**Task item**
Every line from the one with "Lovense Exomoon Mini" through the end of the entries below must be retyped exactly, and only those lines. The pictures are not part of the copy.

►

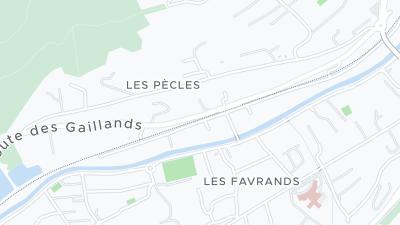 ホテル所在地マップ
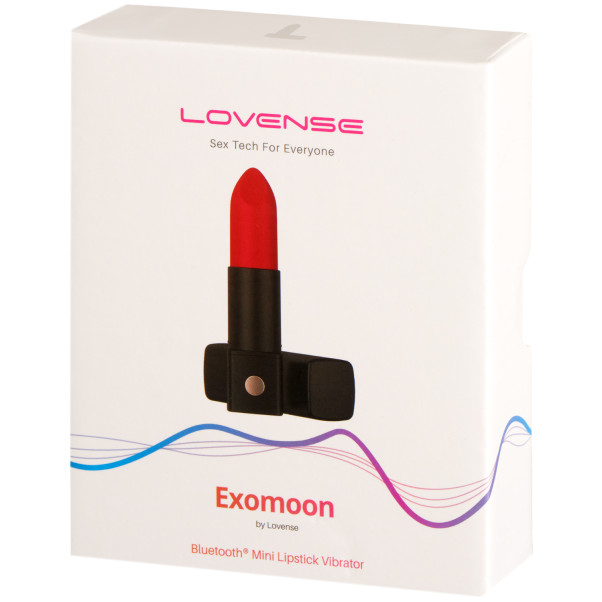 Lovense Exomoon Mini Læbestift Vibrator Emballagebillede 90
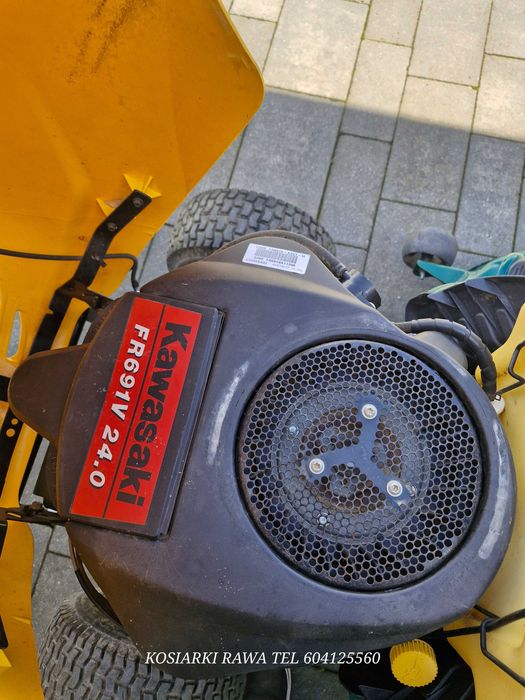 Kosiarka traktorek Mtd Yard man 24hp kawasaki 125cm hydro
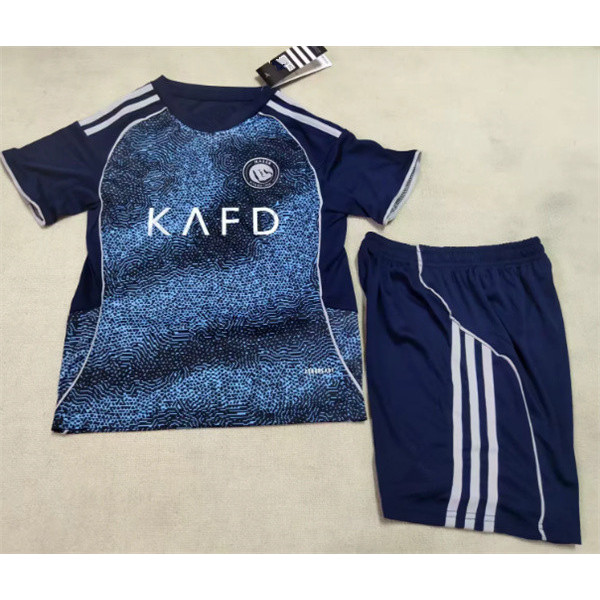ชุดเด็ก Al-Nassr เสื้อกีฬาสำรอง ไซ즈 16-28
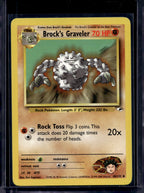 Brock's Graveler (Gym Heroes - Unlimited) 40/132 Raw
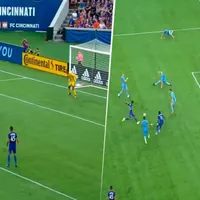 ¡Un verdadero misil! MLS destaca golazo de un legionario tico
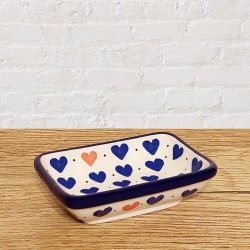 ポーリッシュポタリー CERAMIKA ARTYSTYCZNA スクエアミニボウル50ml_C20-570X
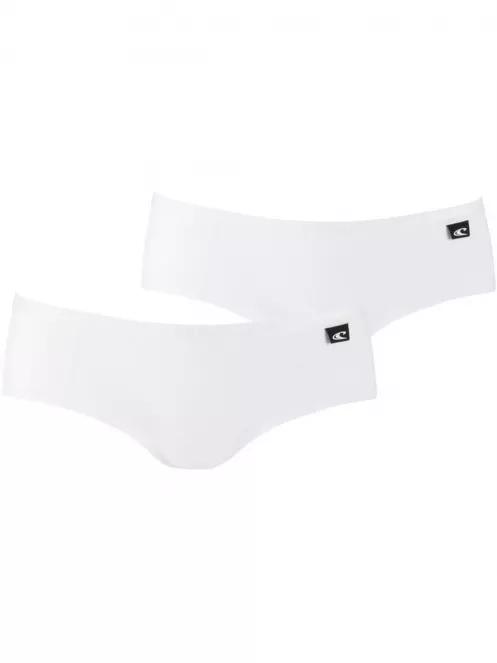 O'Neill Women hipster  plain 2-pack női alsónadrág fehér színben 2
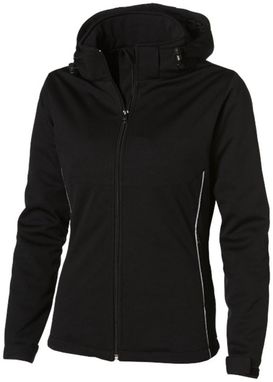 Женская куртка Софтшел Cromwell , цвет черный - 31328991- Фото №1
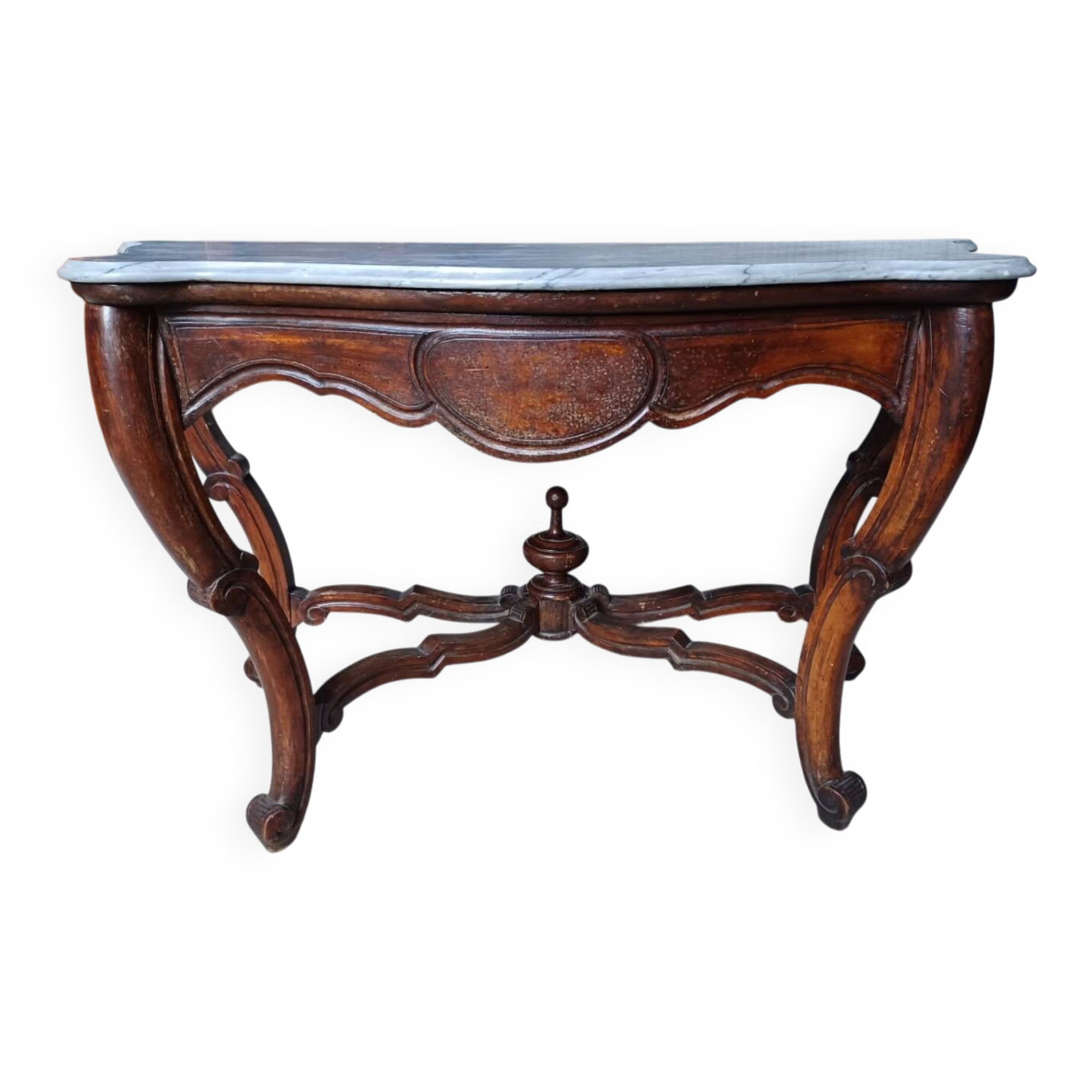 Curved console table - Napoleon III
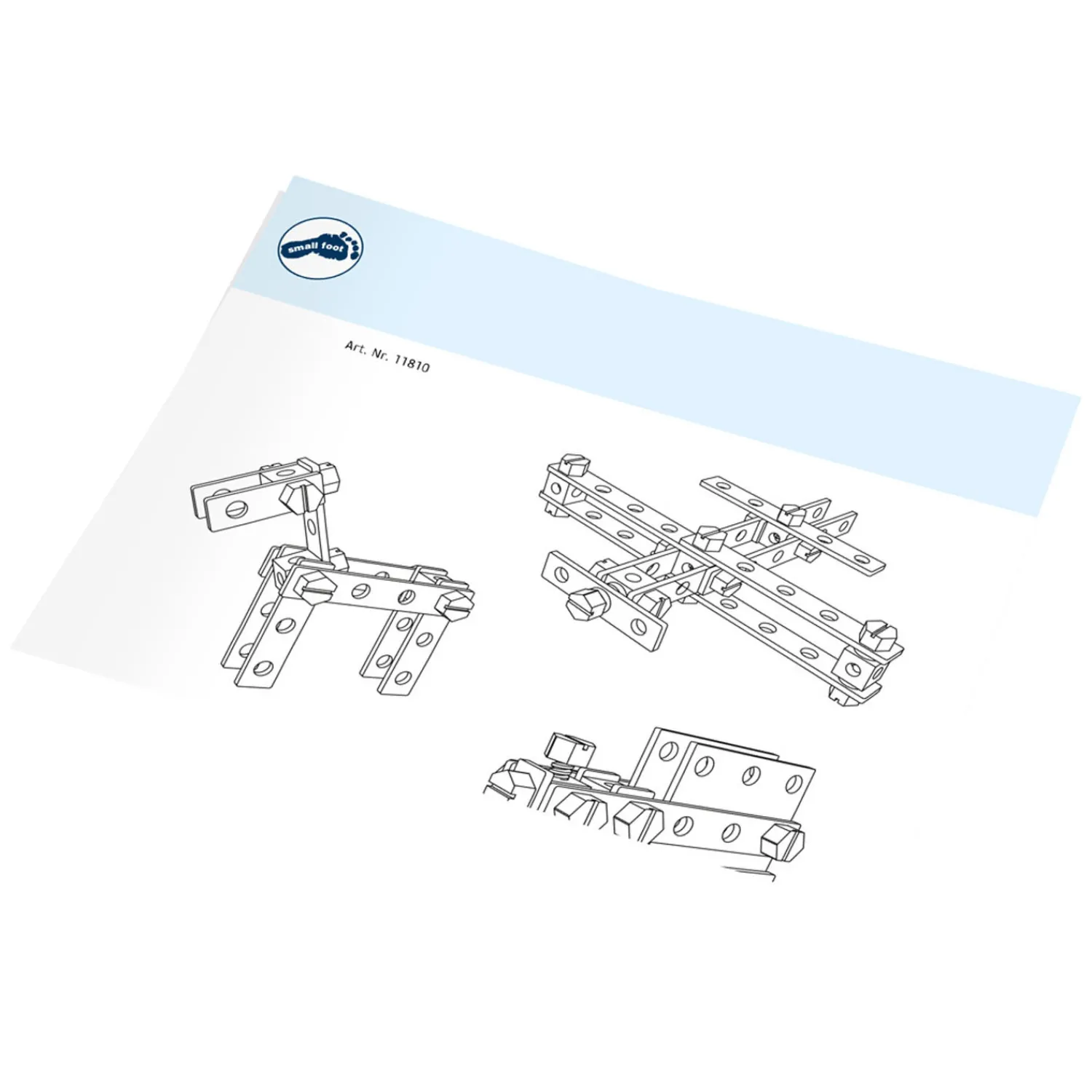 - Houten Constructieset Miniwob, 67dlg.>Small Foot Outlet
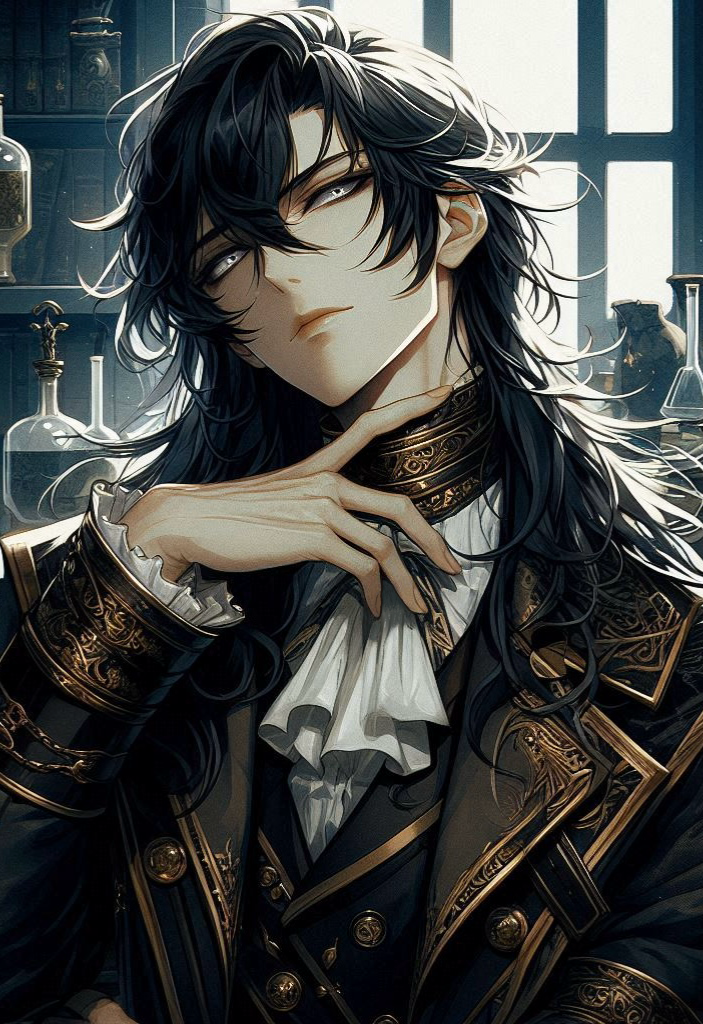 Sylas Blackthorn - the Alchemist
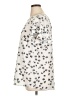 Lane Bryant 100% Polyester Ivory Short Sleeve Blouse Size 14 - photo 5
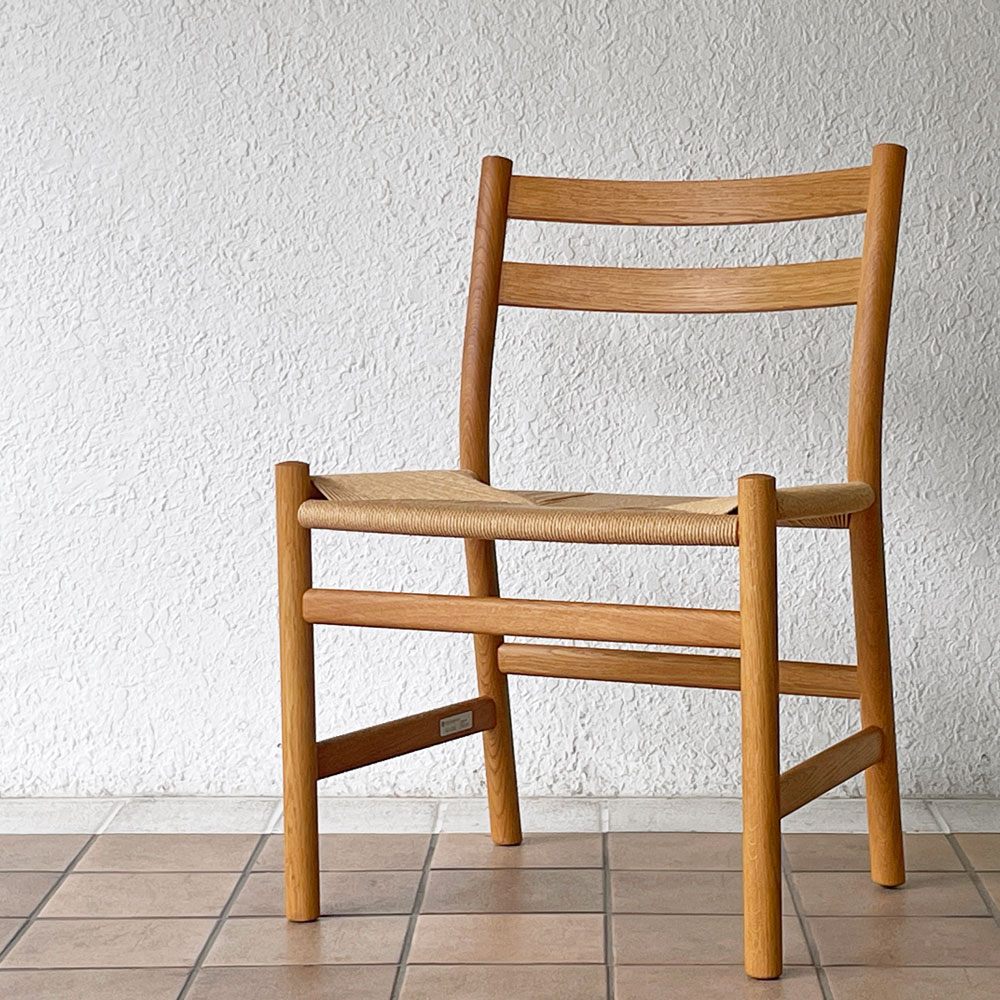 カールハンセン＆サン Carl Hansen & Son CH47 ダイニングチェア サイドチェア オーク材 オイル仕上げ ハンス・J・ウェグナー 北欧家具 ◇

◄

**Answer box**
 Lovense Exomoon Mini Læbestift Vibrator Emballagebillede 90
 Kosiarka traktorek Mtd Yard man 24hp kawasaki 125cm hydro
ชุดเด็ก Al-Nassr เสื้อกีฬาสำรอง ไซ즈 16-28
 Brock's Graveler (Gym Heroes - Unlimited) 40/132 Raw
 ¡Un verdadero misil! MLS destaca golazo de un legionario tico
 ポーリッシュポタリー CERAMIKA ARTYSTYCZNA スクエアミニボウル50ml_C20-570X
 O'Neill Women hipster  plain 2-pack női alsónadrág fehér színben 2
 Женская куртка Софтшел Cromwell , цвет черный - 31328991- Фото №1
 Curved console table - Napoleon III
 - Houten Constructieset Miniwob, 67dlg.>Small Foot Outlet
 Sylas Blackthorn - the Alchemist
 Lane Bryant 100% Polyester Ivory Short Sleeve Blouse Size 14 - photo 5
 カールハンセン＆サン Carl Hansen & Son CH47 ダイニングチェア サイドチェア オーク材 オイル仕上げ ハンス・J・ウェグナー 北欧家具 ◇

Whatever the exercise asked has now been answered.